## WORK ITEM
Reproduce exactly the run of lines that begins with the one containing "Murder, She Wrote Season 2 dvd cover" and ends with the last line of the records, omitting pictures.

## RECORDS FOR THE TASK
"""

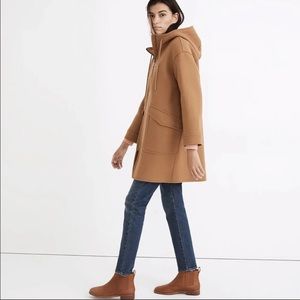 NWT Madewell Lynnford Coat in Insulux Fabric Tan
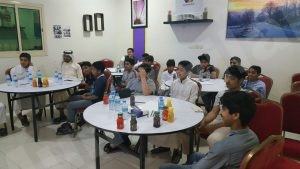 المتألق منتظر الاحمد يبدع في دورة ( للتفوق خطوات )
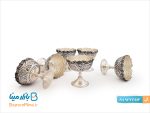 سرویس آجیل خوری قلمزنی نقره نما
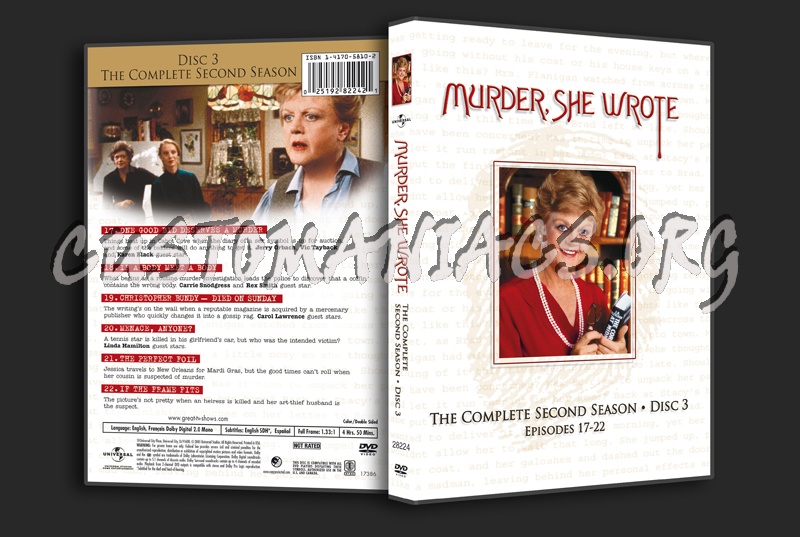 Murder, She Wrote Season 2 dvd cover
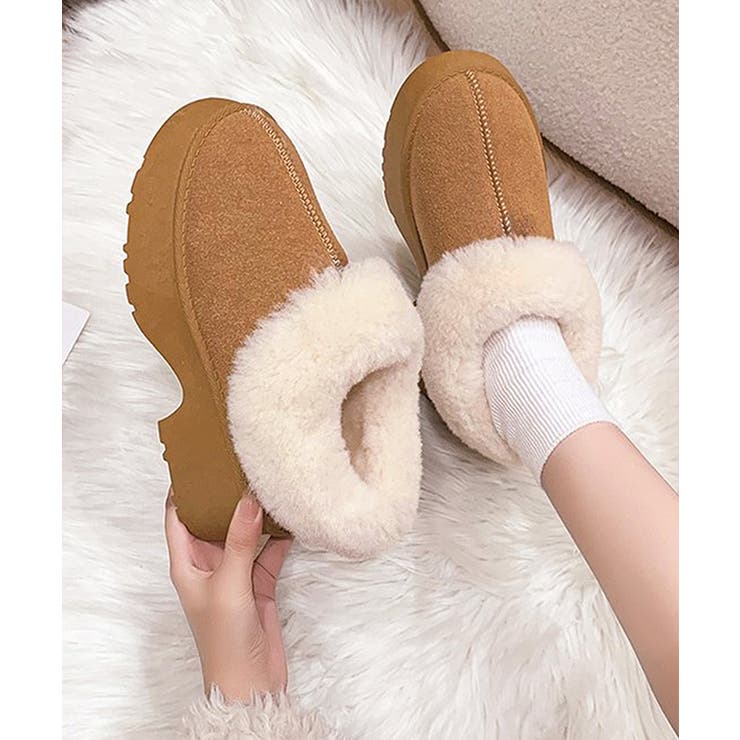 スエード調 厚底 ショート | レースレディース  | 詳細画像4 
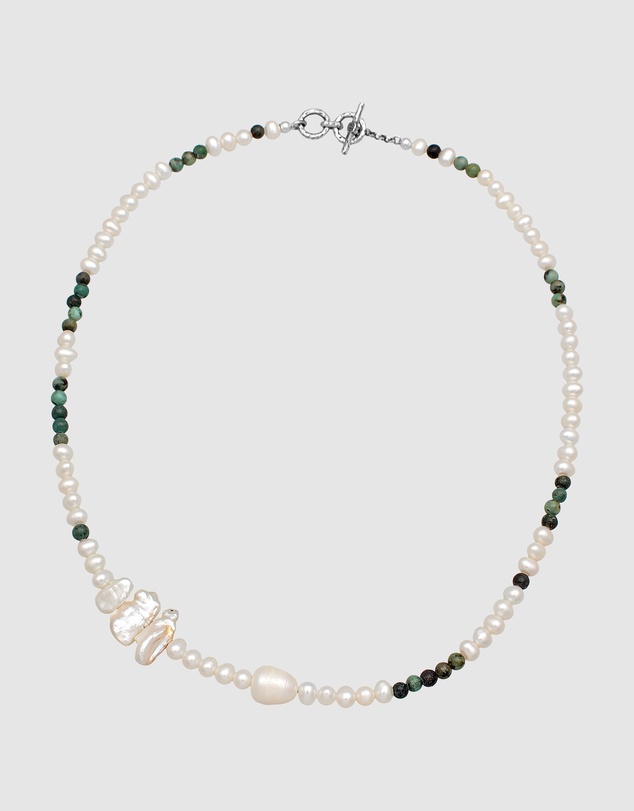 Haze & Glory - ICONIC EXCLUSIVE - Crazy Pearl and Turquoise Necklace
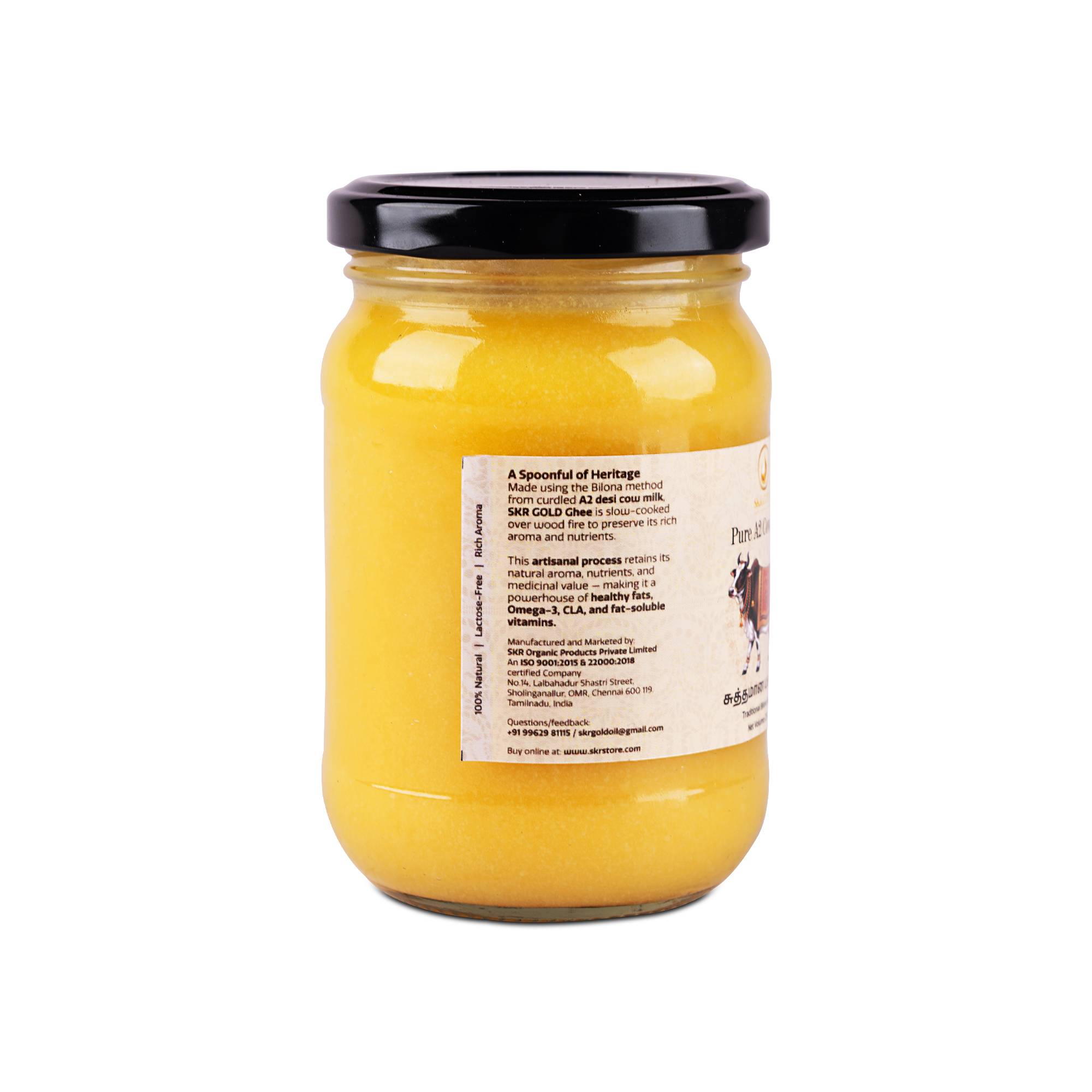 Pure A2 Cow Ghee – 250ml - Image 4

"""

## ANSWER TO THIS TASK
 Murder, She Wrote Season 2 dvd cover
 スエード調 厚底 ショート | レースレディース  | 詳細画像4 
 Haze & Glory - ICONIC EXCLUSIVE - Crazy Pearl and Turquoise Necklace
 Pure A2 Cow Ghee – 250ml - Image 4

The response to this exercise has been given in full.